But turning a heel was a mystery to me. I read my patterns carefully. I watched others turn heels. People I knew who knit socks offered me tips. I accessed online knitting resources. But each time I tried, and I tried at least annually for 7 years, I blew it on the heel turn. What row am I on? Do I decrease here or not? Dang IT I dropped stitches! So I frogged (ripped out) the sock in progress each time- that is until my time on the Cabot Trail this summer.
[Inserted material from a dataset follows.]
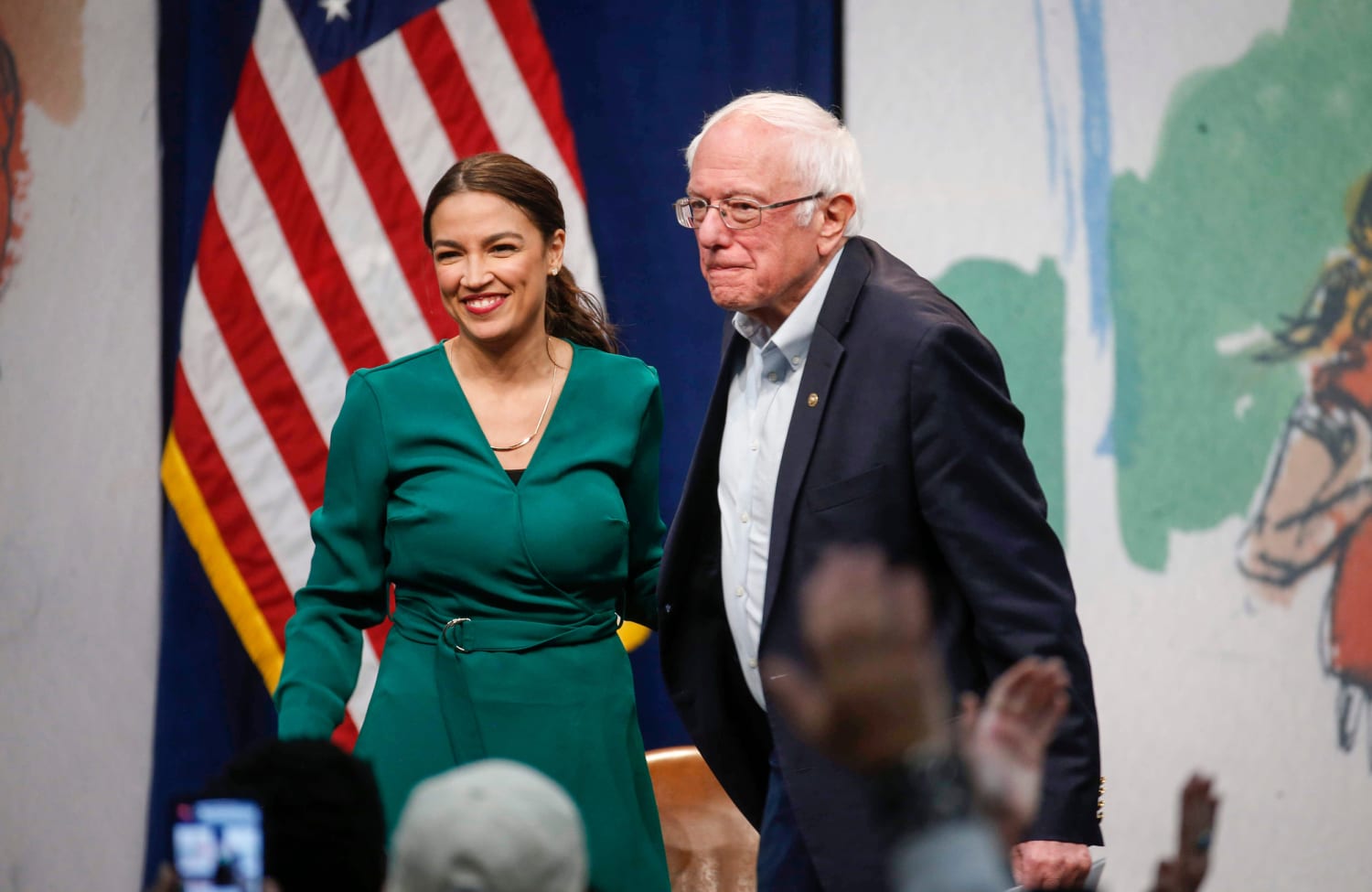 AOC and Sanders stick with Biden amid 2024 turmoil and push him on a bolder agenda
This was going to be my personal Tour de Heel, while it was the Tour de Cabot for my husband and the others with whom we traveled. I packed my double point needles, my Opal sock yarn, a basic sock pattern from Knitting Rules by the Yarn Harlot, my knitting inspiration. I reasoned that since I was going to be in Canada, the home country of the Yarn Harlot AND using her pattern, things were aligning. I would just trust the pattern and myself. I would ask my husband for his encouragement.
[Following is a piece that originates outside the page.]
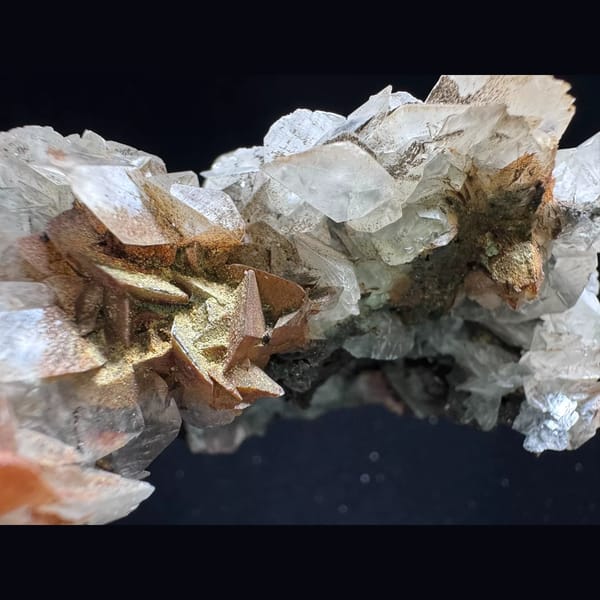 Butterfly petal calcite with iron minerals from Guizhou — detail view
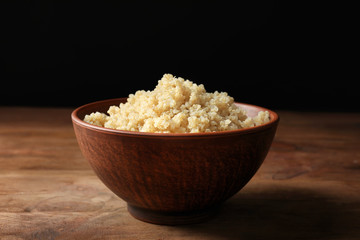 Bowl with boiled white quinoa grains on wooden table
While I waited in the SAG wagon for my husband and the other riders, I knit. In the cabins with our friends at night I knit. My husband was my chief support, asking me how the sock was coming and commenting about nice it was looking, even when he was dog tired and sweaty from riding. Our friends watched me knit and listen to me tell my story about the d@*# heel. And when I turned the first heel we all cheered and I beamed. No one knit for me, but each supported me and let me grumble when I had to rip out stitches. They celebrated my win, even if it did not make a whole lot of sense to them why this had been such a challenge for me and for that I am grateful. A couple of days after our trip I silently thanked each of them when I finished the second sock alone at home.
The socks are extra slouchy. They are not perfect or even all that good looking, but they are complete and they are mine. Made by my own efforts, my own hands and because of perseverance and support. My next pair of socks will be more perfect and better looking, but I will never treasure them like I do this first pair.
What did I learn? Keep trying. Ask for support when you need it, even when you are asking for support for a task that seems trivial. Trust the process, yourself and the universe. Always celebrate the wins, big or small.